All rise and no fall: how Civilization reinforces a dangerous myth –Article from Rock Paper Shotgun — One of the things I’ve been consistently wondering about the direction the franchise has taken is “what is the true cost of my actions?” The negative penalties tied to pollution, global warming and limits to growth  that made older games kind of frustrating have mostly been replaced in newer itterations with choosing just one of several buffs best fit for your playstyle and merely missing out on all the other ones. The world doesn’t work that way.

“It’s just a game,” you might say, “and it doesn’t have to model the world precisely.” I disagree. What we choose to model in games is what we want, or don’t want, our fun to signify—which is why games like Rapelay, Postal etc. get shunned, which is not because they’re not fun to play.

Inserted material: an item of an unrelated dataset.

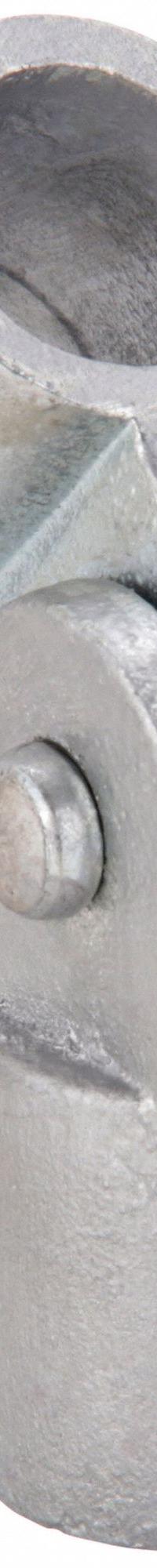 Structural Pipe Fitting: Single-Swivel Socket, Tee, 3/4 in For Pipe Size, Cast Iron, Gray, Pipe (MPN 30LX18). Key specifications — Manufacturer Part Number: 30LX18; Brand: APPROVED VENDOR; Finish: Zinc-Plated; Material: Cast Iron; Product Type: Single-Swivel Socket.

Navigating “the 8th Era” and steering your civilization into deindustrialization after, while, or hopefully before it’s converted the planet into a hollow, lifeless, plastic-ridden husk sounds like tons of fun to me, and even I and my zero hours of experience in game design have thought of great ways sustainability could be added into Civilization, e.g. by turning the late-game into reverse 4X and a kind of survival game. Now THAT would be the breath of fresh air into the franchise Firaxis has been desperately trying to puff out.

No; all this is not about keeping the game fun: it’s about keeping the fantasy intact. Make no mistake: it is clearly political. Just imagine how many Trump supporters and climate change denialists (who are very vocal about it in the comment section in the article above) would just boycott the game if it implented ecology and you’re closer to the real heart of the issue here.

The Story of H What’s up with the letter H? Here’s a very interesting article. Bonus points if you’re a linguist.

This man knows a language spoken by the Sephardite Jews who were kicked out from Spain the same year Colombus (‘Colόn’, who I always like pronouncing in my head as ‘colon’) set out to discover an alternative sea road to the Indies. These Jews settled in the same Ottoman Empire we Greeks have learned to think as ‘intolerant’. As the saying goes, Spain grew poorer and Turkey became richer — and I’m not (just) referring to the financial social niches Jews would occupy historically.

This man is a descendant of those Jews who first settled in Thessaloniki. His family escaped being sent to Auschwitz. He speaks Ladino, a language that’s just like 15th century Castillian Spanish, just without the purifications that it went through over the centuries and with some Hebrew and Turkish words thrown in.

This is what history looks and sounds like.